TASK DETAILS
Every line of the listing below should be written out exactly, minus its images.

MATERIAL PROVIDED
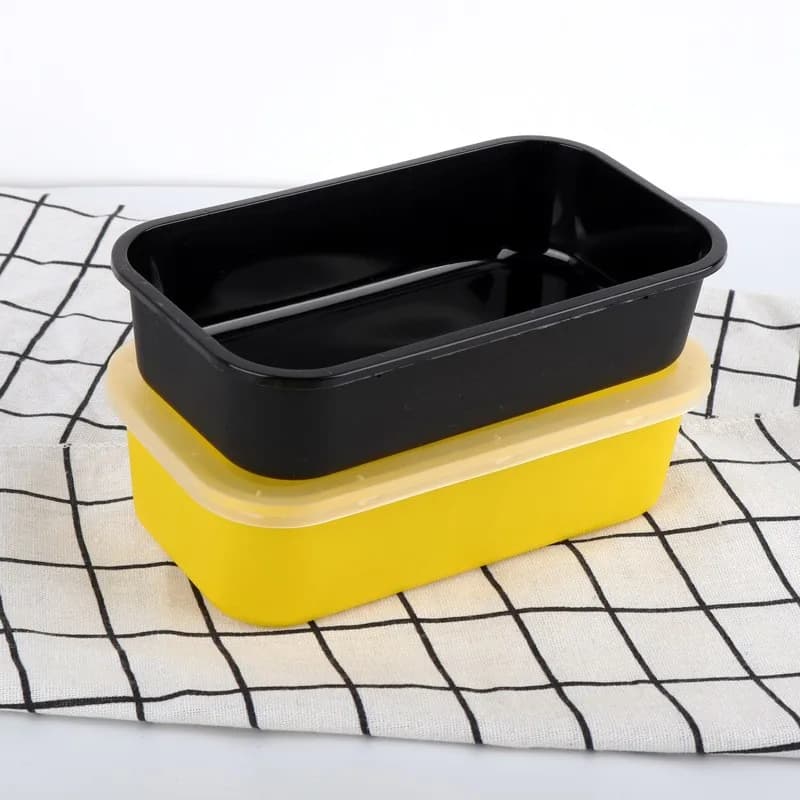 Contenitore per Pranzo Rettangolare Stile Giapponese, Scatola Monouso per Alimenti Organici, Confezione Ecologica Gialla e Rosa
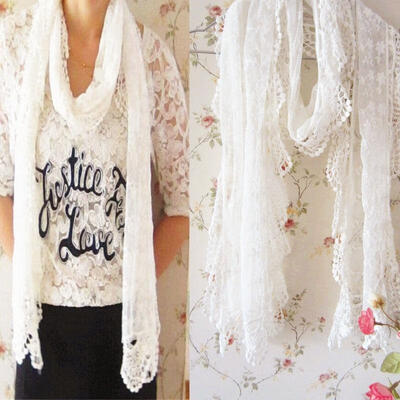 

Gentle Cotton Yarn Lady Party Long Scarf Shawl Embroidery Floral Lace White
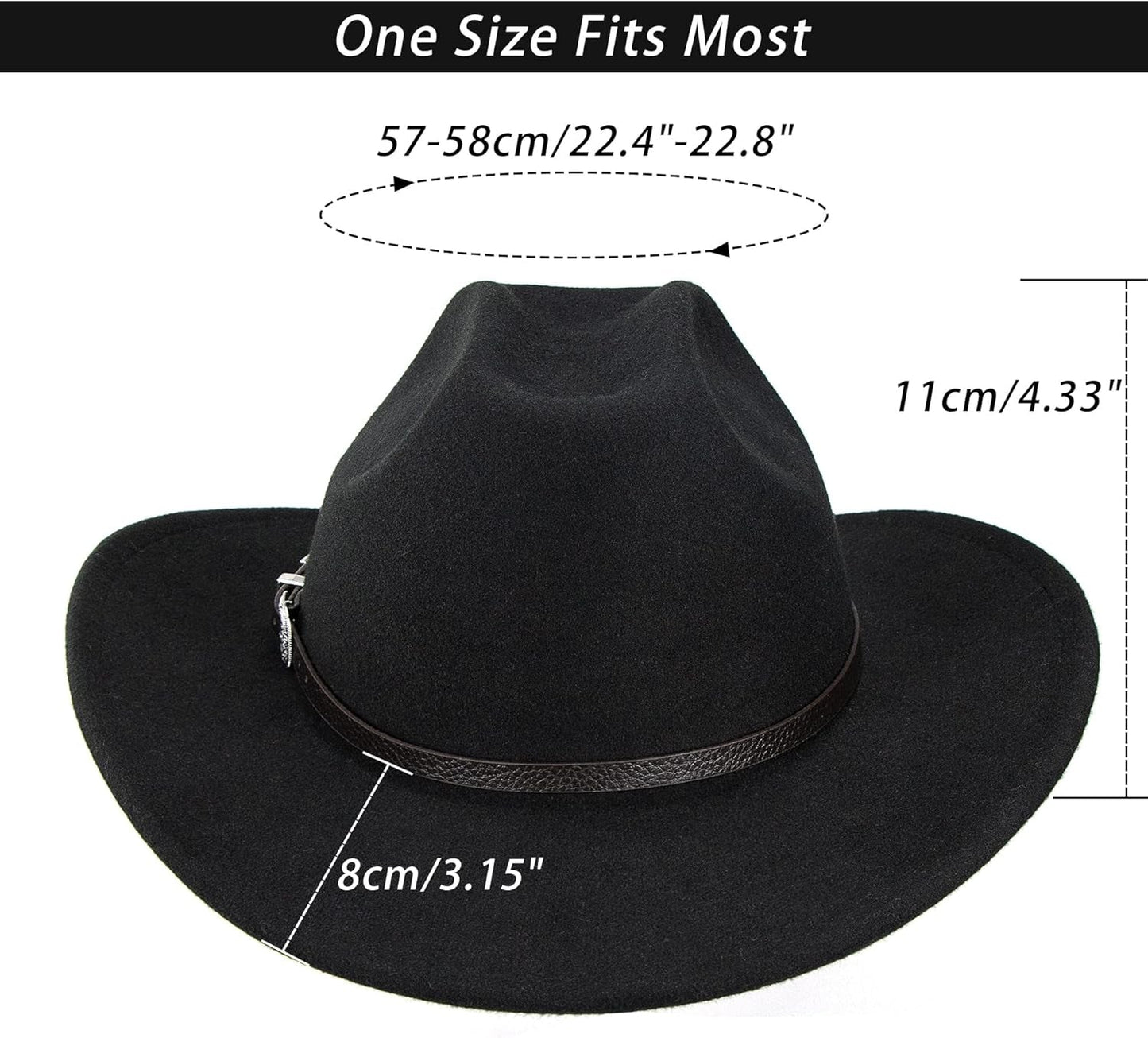 Western Cowboy Hat for Men Women Classic Fedora Hat with Buckle Belt (Size:M-L)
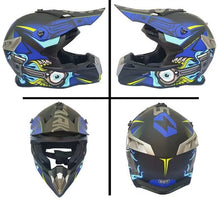 Matte Black, Blue, Gray, Turquoise & Yellow Piston Dirt Bike Motorcycle Helmet at KingsMotorcycleFairings.com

EXERCISE RESPONSE
 Contenitore per Pranzo Rettangolare Stile Giapponese, Scatola Monouso per Alimenti Organici, Confezione Ecologica Gialla e Rosa

Gentle Cotton Yarn Lady Party Long Scarf Shawl Embroidery Floral Lace White
 Western Cowboy Hat for Men Women Classic Fedora Hat with Buckle Belt (Size:M-L)
 Matte Black, Blue, Gray, Turquoise & Yellow Piston Dirt Bike Motorcycle Helmet at KingsMotorcycleFairings.com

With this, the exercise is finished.